The BBC has run many reports about how people accidentally become money mules through their ignorance:
- It's not easy money. This scam wrecks your credit
- I got quick cash in my account but it was too good to be true
- I became a money mule by mistake
A key point here is that, in statistics from the Financial Conduct Authority, there were at least 207,889 cases of “money muling” in 2024. This is a major rise on the numbers from 2023, when it was just 170,338.
The Finanser readers are probably fully aware of how it works. You get a text saying would you like £1,000? How about getting £10,000 a month working an hour a day? You get the idea.
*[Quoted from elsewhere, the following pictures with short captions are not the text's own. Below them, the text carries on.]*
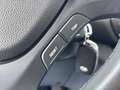 Hyundai i10 i10 1,0 Run Run Weiß - thumbnail 17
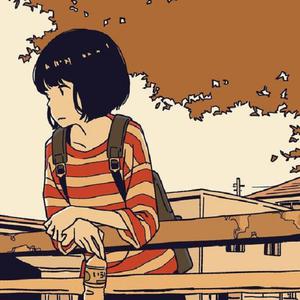 无码内射天天久久毛国产
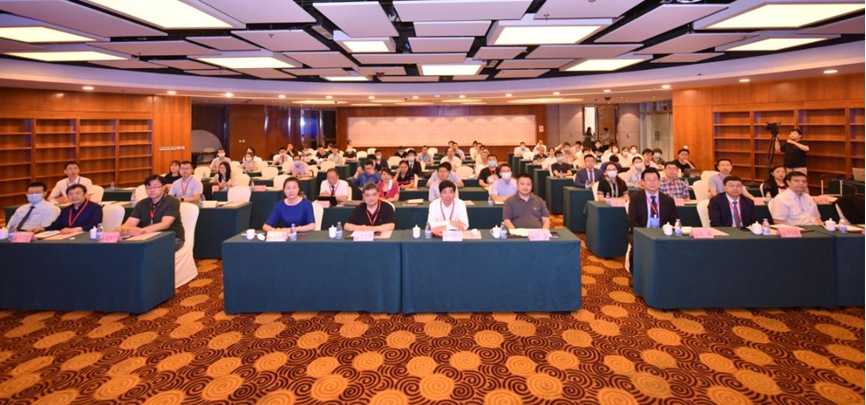 京津冀中西医结合骨科专科联盟.jpg 京津冀中西医结合骨科专科联盟.jpg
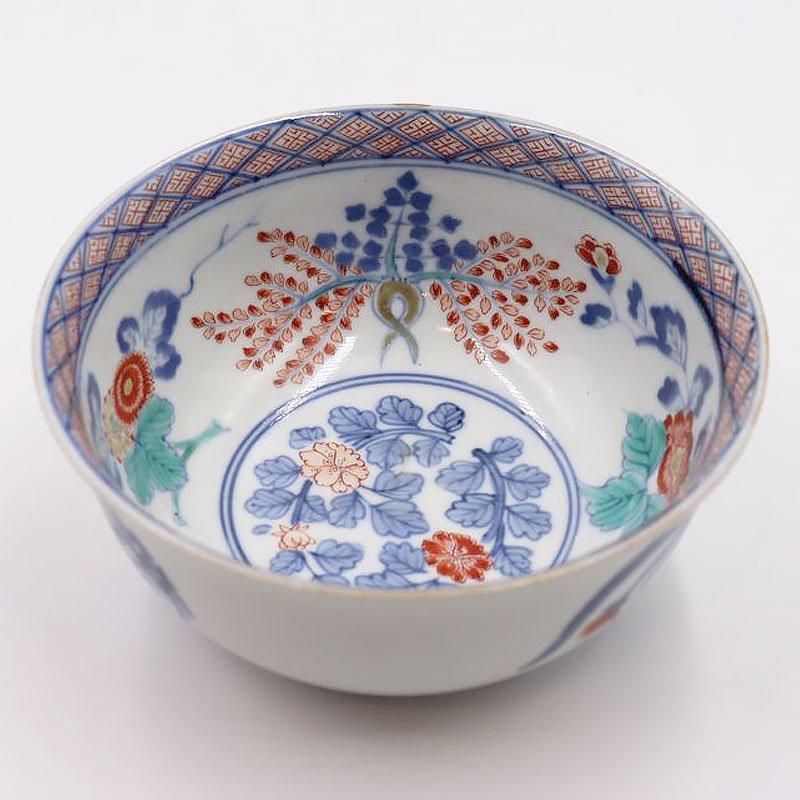 ڶѤۿ  ȭ    ܥ ¿ ƥ ¹ơ  ½ƣðơɩζ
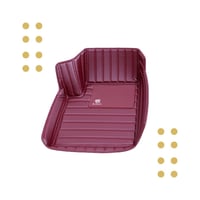 تلبيسة الفاخر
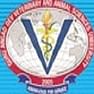 College of Dairy Science & Technology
And most of those who get caught up in this mess are under thirty years old as, of course, younger folks sign up for the deal, thinking it is too good to be true. The thing is that anything that sounds too good to be true probably is.
In the case of money muling, what is actually happening is that criminals who are trying to move funds generating by anything from drug dealing to human trafficking are passing money through your account to clean it, and move it on. You get £1,000 and that moves to another account giving you a £10 commission. Sounds good? It’s not. You’re now involved in a fraud and the banking regulators have cracked down on this space heavily, as evidenced by my AMEX experience which, as a small business and seasoned financial specialist, was insufferable.
The thing is that, in the banking system, it seems that you are guilty until proven innocent. In the legal system, you are innocent until proven guilty.
That is an issue.
Banks and financial institutions start with the premise that you are not trustworthy. Therefore, you have to prove your innocence to be trusted.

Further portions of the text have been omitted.